Pujas in the Hills may lack the grandeur of the pandals and lights of those organised in the plains, but some of them held at places like the Nipendra Narayan Bengali Hindu Hall (NNBHH) in Darjeeling town surely bring out the tradition and the rich heritage that surround such pujas being organised here since the British era.
This year, the main highlight of the puja in the Queen of Hills will be the 104-year-old tradition that is not only popular among the Bengali community, but also the different other communities that live here in harmony.

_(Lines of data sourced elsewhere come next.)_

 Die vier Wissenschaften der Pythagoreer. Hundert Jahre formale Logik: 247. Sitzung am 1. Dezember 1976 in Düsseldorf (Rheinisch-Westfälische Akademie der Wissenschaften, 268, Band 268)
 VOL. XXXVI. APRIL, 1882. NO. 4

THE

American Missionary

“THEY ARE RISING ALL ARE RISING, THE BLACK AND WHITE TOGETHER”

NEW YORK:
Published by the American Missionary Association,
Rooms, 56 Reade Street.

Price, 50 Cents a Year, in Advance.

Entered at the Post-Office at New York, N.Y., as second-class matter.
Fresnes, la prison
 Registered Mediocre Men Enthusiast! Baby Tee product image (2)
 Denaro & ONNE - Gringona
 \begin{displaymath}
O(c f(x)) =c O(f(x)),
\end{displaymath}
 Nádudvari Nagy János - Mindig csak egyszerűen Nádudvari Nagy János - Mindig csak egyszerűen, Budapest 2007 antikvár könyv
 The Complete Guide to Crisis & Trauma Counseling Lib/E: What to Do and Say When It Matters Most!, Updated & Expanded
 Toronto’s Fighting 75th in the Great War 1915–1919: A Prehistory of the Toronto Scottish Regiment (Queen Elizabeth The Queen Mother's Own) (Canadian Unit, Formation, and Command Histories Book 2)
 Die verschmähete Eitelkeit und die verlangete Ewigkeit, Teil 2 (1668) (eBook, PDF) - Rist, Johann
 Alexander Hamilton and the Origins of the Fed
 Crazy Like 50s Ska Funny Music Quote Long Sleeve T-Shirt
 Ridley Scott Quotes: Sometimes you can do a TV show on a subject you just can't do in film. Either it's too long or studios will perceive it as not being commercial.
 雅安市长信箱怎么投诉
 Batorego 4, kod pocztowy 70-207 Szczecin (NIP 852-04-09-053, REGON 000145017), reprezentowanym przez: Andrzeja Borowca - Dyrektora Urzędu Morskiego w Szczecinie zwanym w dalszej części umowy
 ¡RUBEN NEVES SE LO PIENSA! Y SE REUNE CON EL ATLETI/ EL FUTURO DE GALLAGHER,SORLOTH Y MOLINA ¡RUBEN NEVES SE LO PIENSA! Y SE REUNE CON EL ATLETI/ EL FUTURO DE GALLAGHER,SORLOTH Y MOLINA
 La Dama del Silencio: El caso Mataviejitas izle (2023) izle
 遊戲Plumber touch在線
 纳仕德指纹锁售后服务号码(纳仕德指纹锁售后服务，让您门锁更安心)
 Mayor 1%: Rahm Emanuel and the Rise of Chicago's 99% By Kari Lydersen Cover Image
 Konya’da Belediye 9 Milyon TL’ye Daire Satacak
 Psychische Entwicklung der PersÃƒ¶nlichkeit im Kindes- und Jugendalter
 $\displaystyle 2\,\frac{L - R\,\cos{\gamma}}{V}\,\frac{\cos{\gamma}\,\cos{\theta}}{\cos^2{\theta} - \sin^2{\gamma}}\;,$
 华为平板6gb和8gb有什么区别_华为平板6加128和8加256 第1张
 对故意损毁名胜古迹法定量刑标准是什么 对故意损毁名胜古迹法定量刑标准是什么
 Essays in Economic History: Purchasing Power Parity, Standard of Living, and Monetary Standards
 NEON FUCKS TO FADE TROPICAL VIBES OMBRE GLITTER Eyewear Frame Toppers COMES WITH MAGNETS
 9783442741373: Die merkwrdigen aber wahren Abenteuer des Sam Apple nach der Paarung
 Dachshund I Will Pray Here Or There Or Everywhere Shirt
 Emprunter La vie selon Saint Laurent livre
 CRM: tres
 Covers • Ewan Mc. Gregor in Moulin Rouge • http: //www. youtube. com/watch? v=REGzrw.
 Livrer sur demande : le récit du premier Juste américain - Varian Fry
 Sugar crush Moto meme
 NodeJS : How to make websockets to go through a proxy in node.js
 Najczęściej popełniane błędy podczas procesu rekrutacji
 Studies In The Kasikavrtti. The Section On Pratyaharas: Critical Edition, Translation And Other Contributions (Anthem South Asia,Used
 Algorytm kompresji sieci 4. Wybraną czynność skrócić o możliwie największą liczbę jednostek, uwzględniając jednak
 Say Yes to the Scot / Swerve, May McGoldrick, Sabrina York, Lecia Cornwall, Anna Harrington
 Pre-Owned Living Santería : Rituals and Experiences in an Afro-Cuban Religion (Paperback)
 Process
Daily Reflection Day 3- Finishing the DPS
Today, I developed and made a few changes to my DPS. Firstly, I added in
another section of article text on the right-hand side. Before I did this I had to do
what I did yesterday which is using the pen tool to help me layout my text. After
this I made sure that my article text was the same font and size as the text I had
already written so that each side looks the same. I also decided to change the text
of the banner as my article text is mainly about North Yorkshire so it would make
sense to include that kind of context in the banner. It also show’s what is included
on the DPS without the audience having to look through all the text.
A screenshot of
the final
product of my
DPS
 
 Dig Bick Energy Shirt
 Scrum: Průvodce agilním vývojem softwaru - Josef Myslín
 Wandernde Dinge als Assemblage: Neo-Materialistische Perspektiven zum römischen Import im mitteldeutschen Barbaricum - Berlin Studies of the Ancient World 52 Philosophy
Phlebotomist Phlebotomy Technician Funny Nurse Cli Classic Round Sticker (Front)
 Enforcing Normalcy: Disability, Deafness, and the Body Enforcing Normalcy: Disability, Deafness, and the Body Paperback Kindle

“The puja will be 104 years this year, with the idol brought from Kumartuli in Siliguri, while the dhak players are coming in from Malda. The puja will officially be inaugurated tomorrow by the GTA chairman and the Darjeeling district magistrate,” said Pratapaditya Guha, the secretary of the NNBHH.
The Hall was built way back in 1890 and had been made as a recreational place mostly for the Bengali community with funds for the hall’s operations being collected in that era from the Cooch Behar Raja, Burdwan Maharaja and many other zamindars.
In fact, NNBH hall members also maintain that in the distant past, the idol was brought halfway by boat and by the Toy Train from the plains. In between, instead of the idol being brought from outside, the puja was done here with the idol in the temple itself, while later on again, the idols were brought from outside, hall members say.
If the puja has a long history, the immersion of the idol also has an interesting story surrounding it.
Earlier, the idol was carried all the way to a distance of three kilometre on foot to the Burdwan Palace, where the king there presented a gold coin to the deity. Only after that, the ‘bisarjan’ would take place, with the idol carried for another one kilometre.